_Input records_.
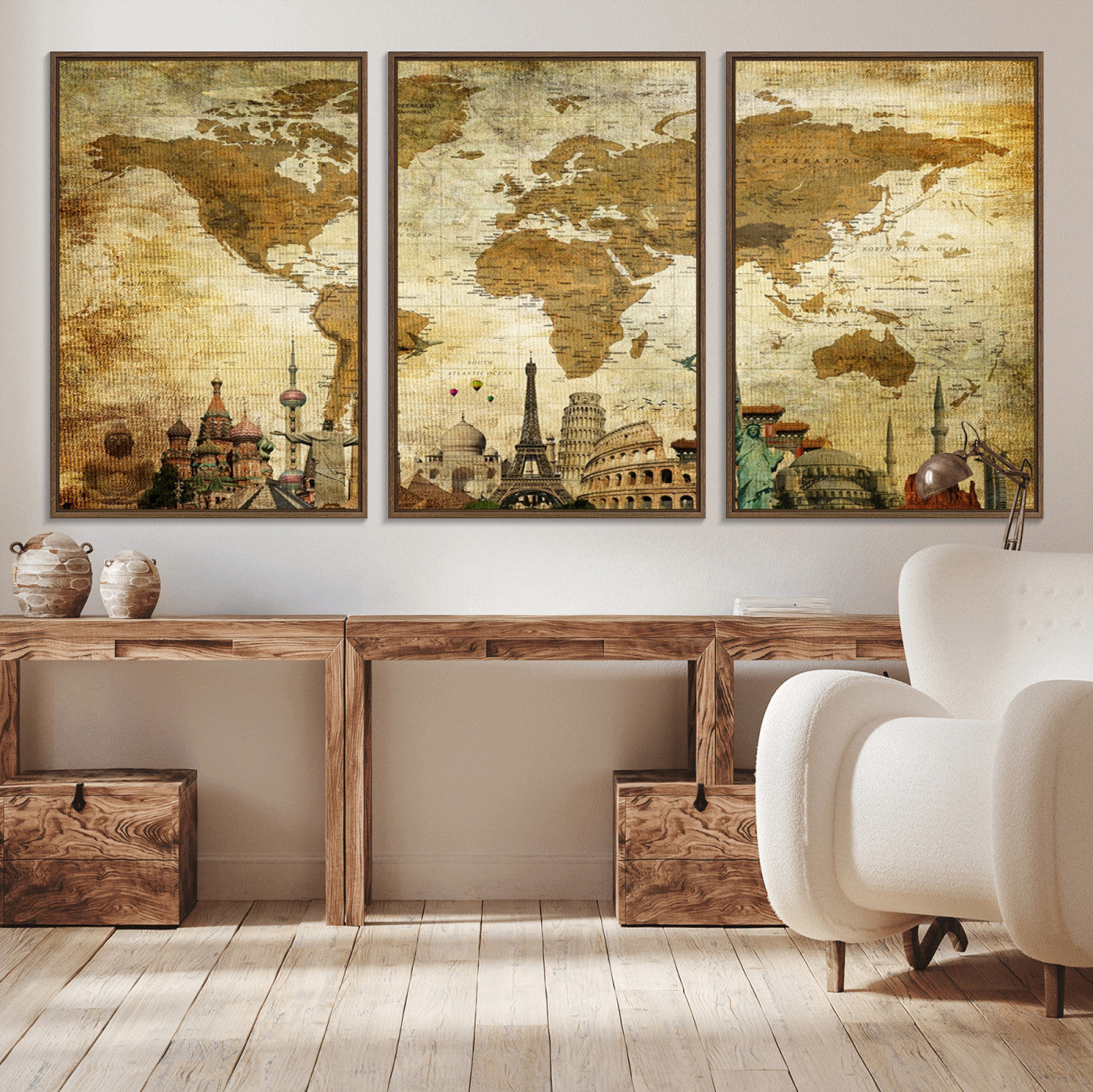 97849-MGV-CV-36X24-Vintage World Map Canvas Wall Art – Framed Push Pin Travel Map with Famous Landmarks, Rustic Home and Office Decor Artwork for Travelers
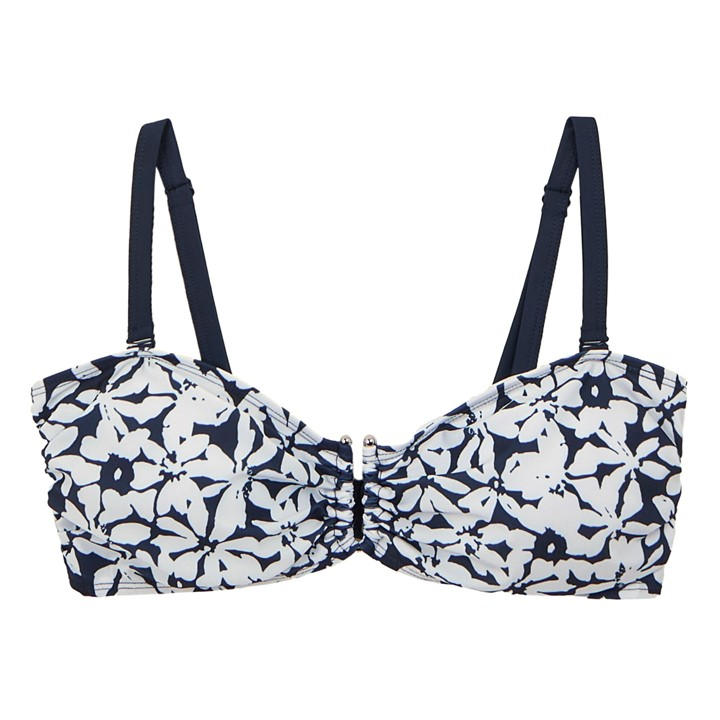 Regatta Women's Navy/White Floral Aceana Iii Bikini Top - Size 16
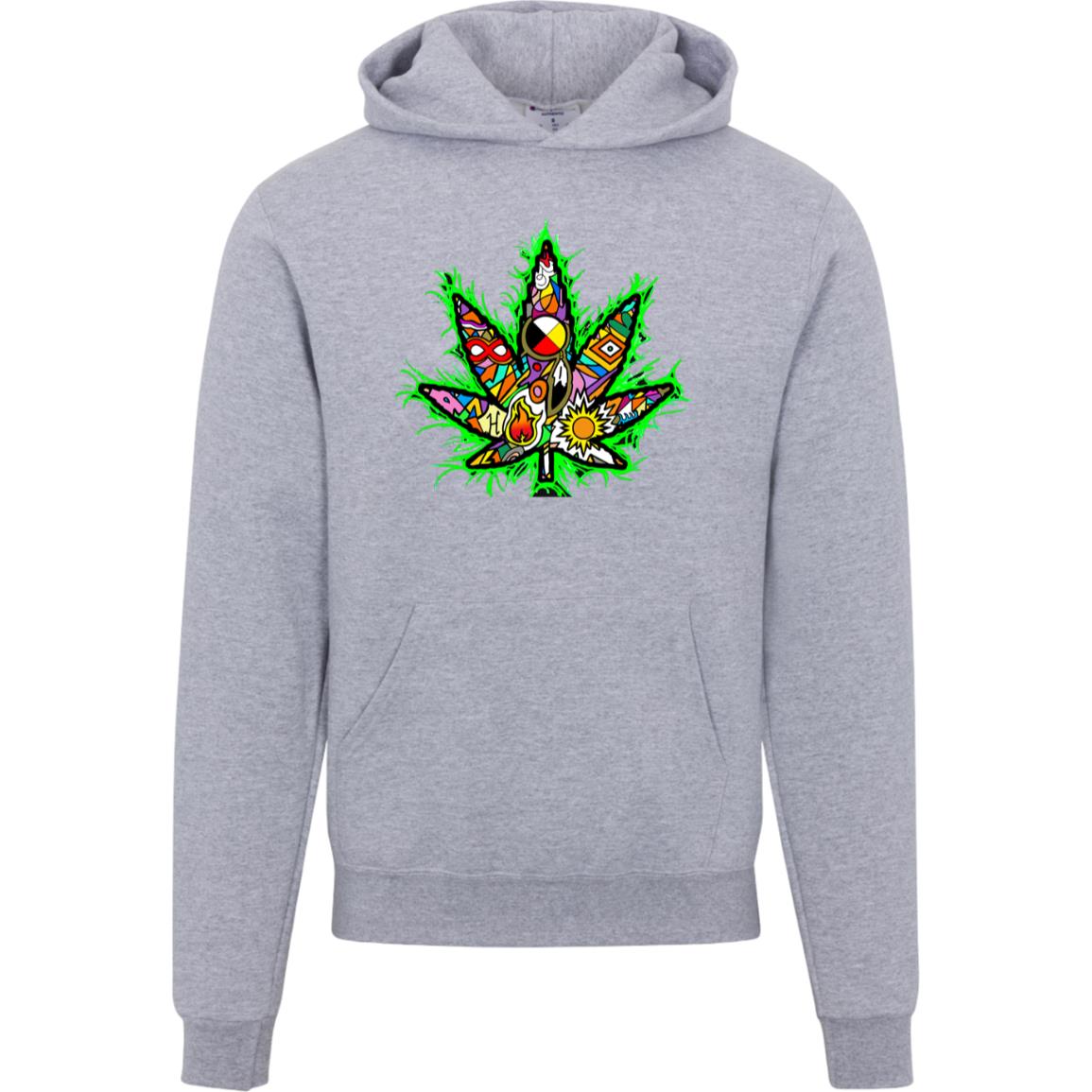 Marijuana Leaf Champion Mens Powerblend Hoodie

* * *

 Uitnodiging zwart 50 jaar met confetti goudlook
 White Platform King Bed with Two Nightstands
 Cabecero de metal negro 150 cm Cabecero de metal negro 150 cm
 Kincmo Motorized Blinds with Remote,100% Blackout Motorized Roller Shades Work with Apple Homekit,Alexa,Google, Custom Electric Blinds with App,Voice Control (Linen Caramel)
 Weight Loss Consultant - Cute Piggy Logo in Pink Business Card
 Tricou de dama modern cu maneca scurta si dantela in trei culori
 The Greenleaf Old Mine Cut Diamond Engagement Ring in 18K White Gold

==

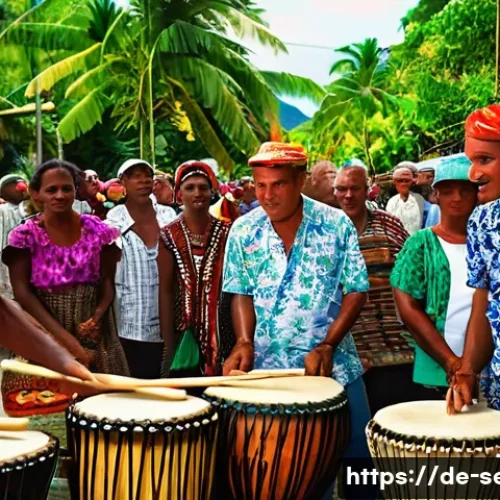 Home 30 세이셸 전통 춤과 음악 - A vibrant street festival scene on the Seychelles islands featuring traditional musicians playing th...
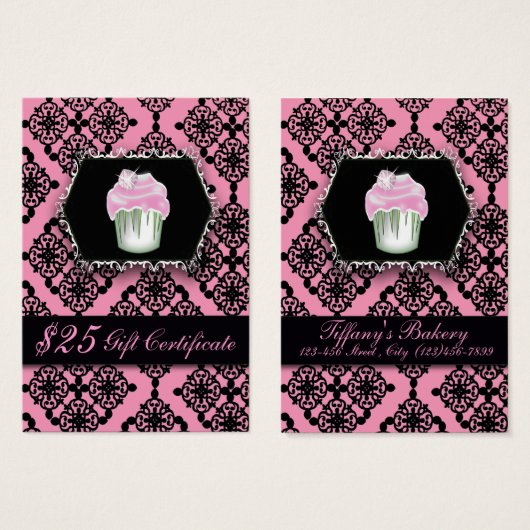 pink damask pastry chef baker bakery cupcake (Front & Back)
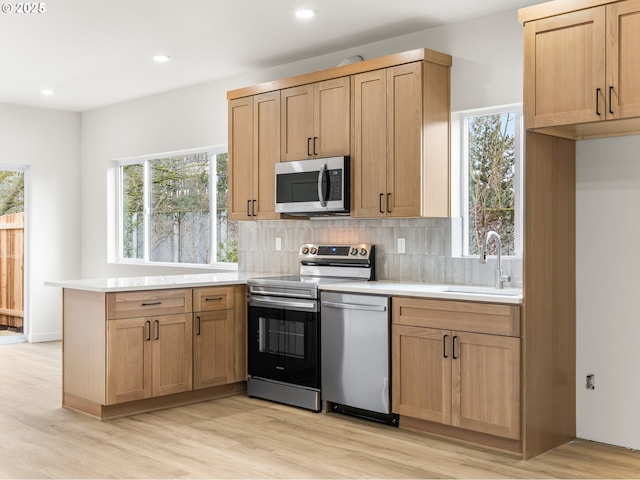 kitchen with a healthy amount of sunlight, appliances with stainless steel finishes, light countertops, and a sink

_Exercise instructions_.
Look above for the line with "Tricou de dama" and the line with "The Greenleaf Old". Retype those two lines and every line between them exactly, adding nothing.

_Answer section_.
 Tricou de dama modern cu maneca scurta si dantela in trei culori
 The Greenleaf Old Mine Cut Diamond Engagement Ring in 18K White Gold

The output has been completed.